When you amplify something, you are increasing the power. If you look at the cost of components, it will cost you less to filter a "pre-amped" signal.

Also, why would you want to amplify the "dirty" parts of a signal?

Clean it up, then amplify.


The answer is yes in ideal circuit theory and the approximation to it that we call "The Real World".

Consider an ideal RC low-pass filter. The open-circuit output voltage, due to an input voltage \$V_s\$ is

$$V_{o} = V_s \frac{1}{1 + j \omega RC}$$

However, if one connects a load impedance \$Z_L\$ to the output of this filter, the loaded output voltage is

$$V_{ol} = V_s \frac{Z_L}{R + Z_L}\frac{1}{1 + j\omega \left( R||Z_L\right)C}$$

Thus, the DC gain and frequency response of our low-pass filter depends on the load \$Z_L\$

However, if there is a good amplifier (high input impedance, low output impedance) between the low-pass filter and the load, the DC gain and frequency response will effectively be independent of \$Z_L\$.

There are other reasons you might want the filter before the amplifier rather than after. For example:

  • With the low-pass filter before the amplifier, the amplifier is not required to needlessly amplify frequencies well above the corner frequency.
  • If the low-pass filter is after the amplifier, the power delivered to the load must pass through the filter.

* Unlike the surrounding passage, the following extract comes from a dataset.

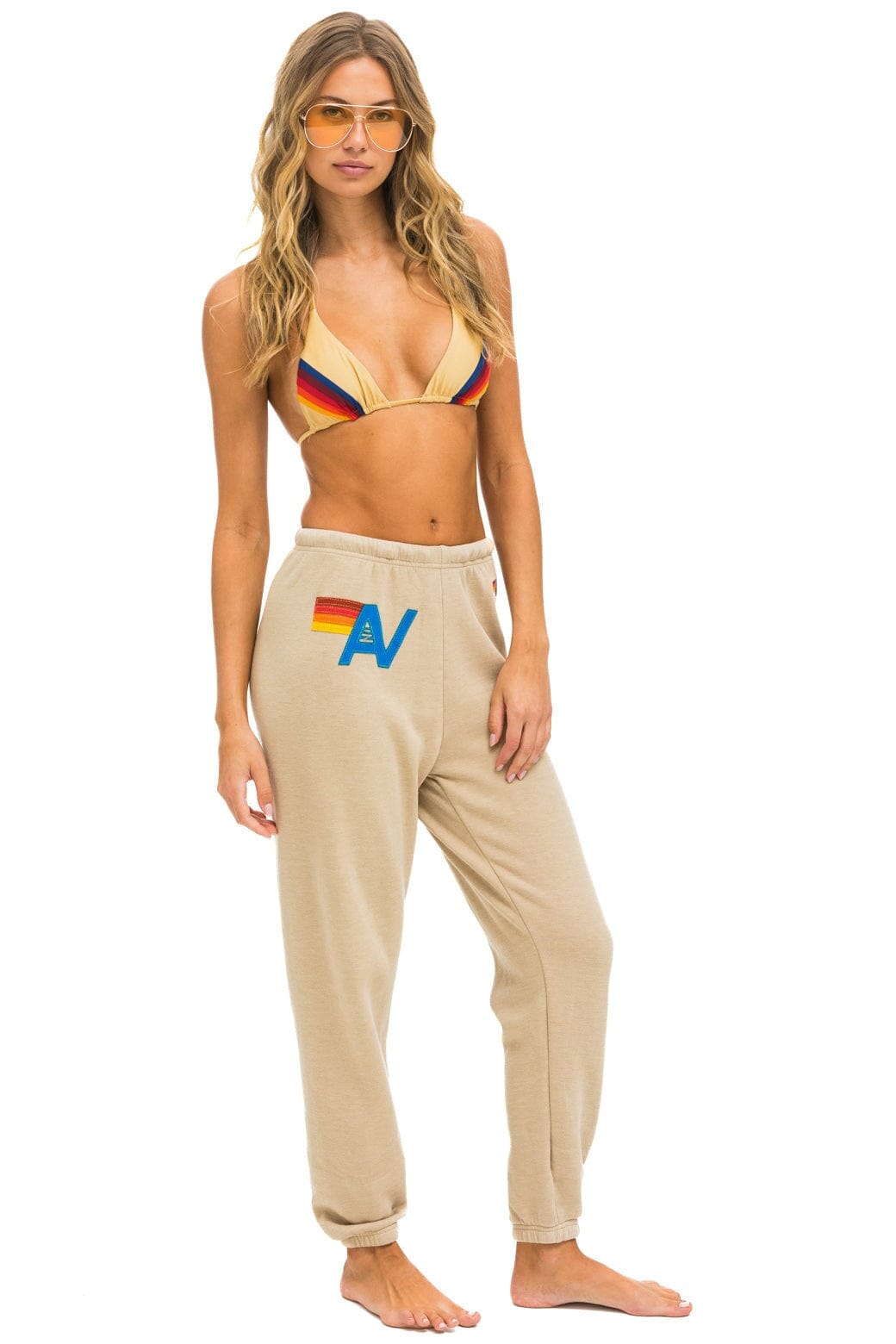 Retro LOGO STITCH SWEATPANTS - SAND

and which one is good for PC audio amplifier?

Without more details of your application, it isn't clear what the 'good' is.


Ideally there is no difference. If the filter is just a mathematical thing that you put in a signal processing chain, in this case its position it's irrelevant.

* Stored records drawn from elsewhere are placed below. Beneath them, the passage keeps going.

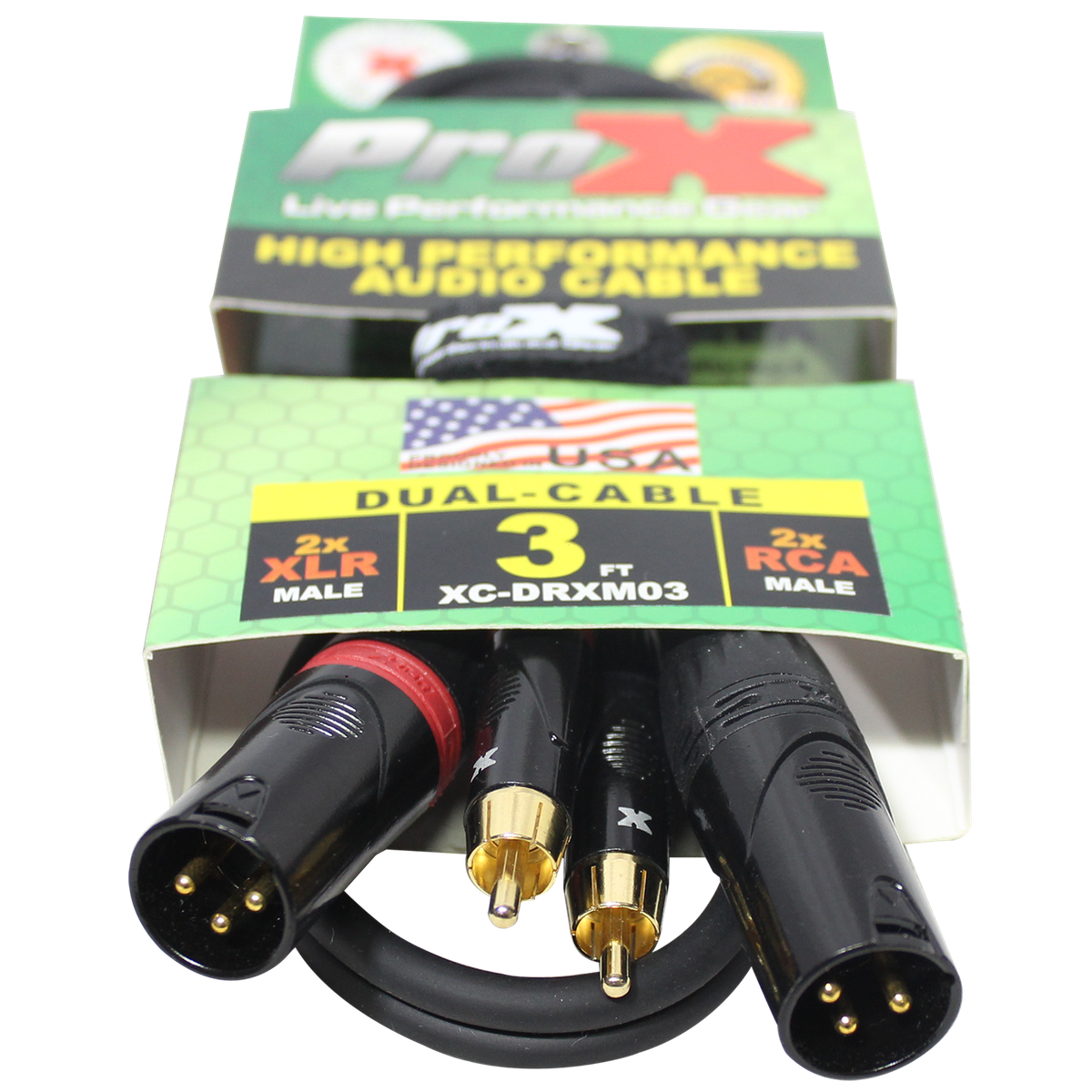 ProX XC-DRXM03 3' Ft. Premium Dual XLR to Dual RCA Audio Cable - view 2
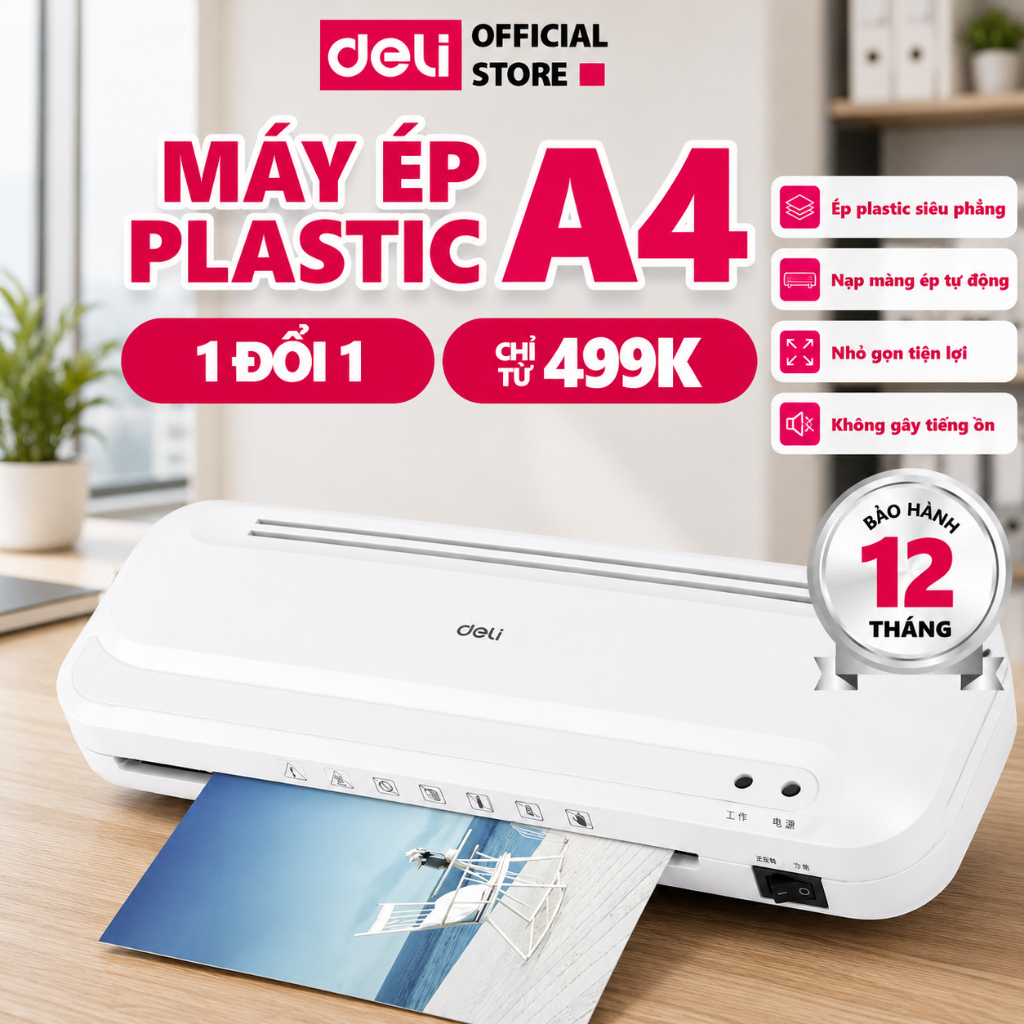 Máy Ép Plastic DELI Khổ A4 A5 A6 Máy Ép Nhiệt Nhựa Dẻo, Máy Cán Màng Ảnh, Tài Liệu, Bằng Khen, Posters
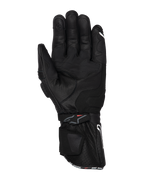 Alpinestars SP-3 Gloves, Black Motorcycle Gloves, palm view featuring full leather construction, long gauntlet cuff with dual closure system, palm grip reinforcements, and touchscreen-compatible fingertip, racing-inspired road gear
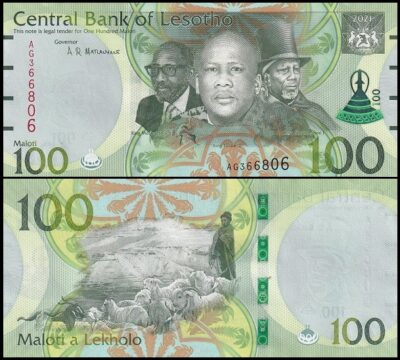 bankbiljetten / 029W / Lesotho / 100 Maloti / 2021 / Unc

Luckily we live in the real world, so math has its own limits.

If you are interested only in the low portion of the spectrum of your signal, then why would you amplify it all? Amplifying costs power, and that's something you generally want to save. Moreover a filter after an amplifier should handle more powerful (aka amplified) signals, so it will need "bigger", more expensive components. Processing a signal before it gets amplified is not the golden rule, there are tons of situations where the opposite is true, but I've got the feeling that you want to build a set of loudspeakers thus your input is line signal, while your output is a somewhat powerful signal meant to drive the speakers. If that's the case you will need a LP filter on your input unless you want any kind of signal messing around in your circuit. If you don't use a LP and your amplifier has a somewhat wide band it can amplify some high frequency signal which you can't even hear, wasting a lot of power... For nothing.